Front-Line Support – Sponsored by Coca Cola European Partners
Despite the situation pubs were facing for their own operations, many businesses continued to provide strong support to front line workers, both in retail and most particularly in the NHS. The Front-Line Support award recognises the pubs that went the extra mile to support key workers during lockdown.
Helen Browning’s Royal Oak, Swindon, Wiltshire
We delivered 4,000 single portion meals to overnight staff at Swindon’s Great Western Hospital between May 8 and July 15 – initially for workers on Covid wards, but eventually for all overnight staff as needed.

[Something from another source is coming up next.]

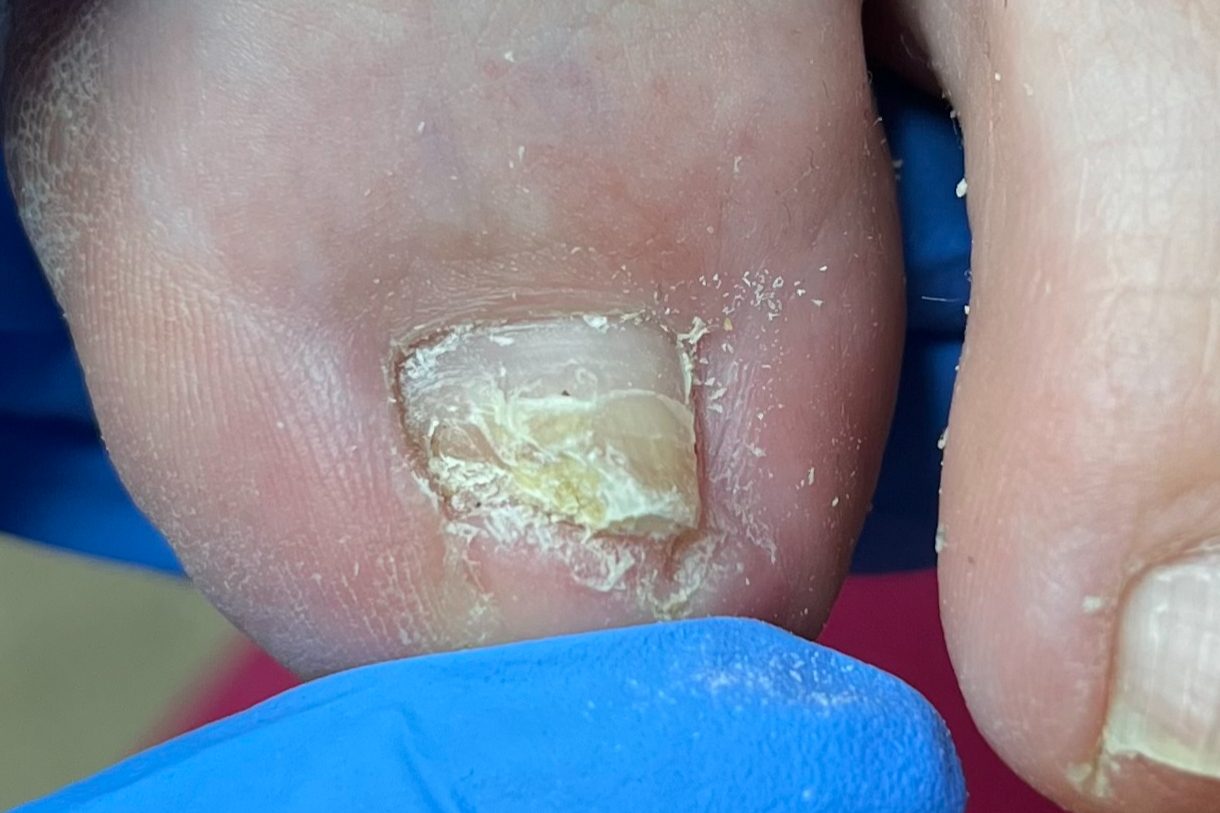 Ošetření poškozených nehtů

In mid-April, one of our customers established a JustGiving page within the Hospital’s preferred charity page, Brighter Futures, with our guidance and support. In total, it raised approximately £20,500. The instructions to Brighter Futures were to spend it on food from our pub.
The food provided to Great Western Hospital was required to be delivered fresh and chilled as well as meet criteria such as being mostly organic, major allergen free, microwavable in five minutes and edible with a fork on a desk at midnight or in the early hours.

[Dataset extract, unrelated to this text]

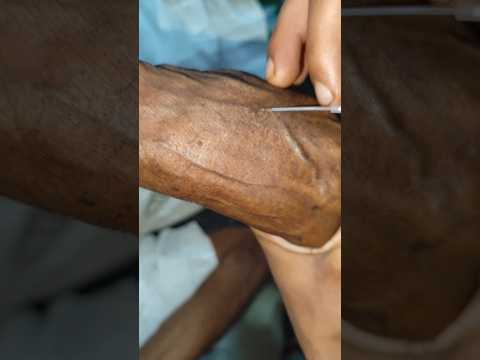 IV Cannulation Technique Procedure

We were also asked that 20% of our meals were vegetarian, provided balanced nutrition and adhered to full Safer Food Better Business labelling and protocols. Each day of delivery, the hospital received a different dish, part veggie, part meat based.
We worked from a list of about 12 recipes that were both easy for us to create and enjoyable for staff to eat. These included spicy organic pork ragu and pasta; beef curry and rice; veggie cassoulet and couscous; bean, lentil and roast veggie casseroles; and organic bangers and mash.
As farmers as well as publicans, all the meat and meat products were sourced from our own farm, where the pub is located.
The kitchen effort was led by one of our junior chefs, Rita Bronze, with help from commis chef PJ Kruger, both whom I am also nominating for local Covid Food Hero awards. I would also single out our external environmental health adviser, Janice Bardwell, for the hands-on support she provided throughout the period.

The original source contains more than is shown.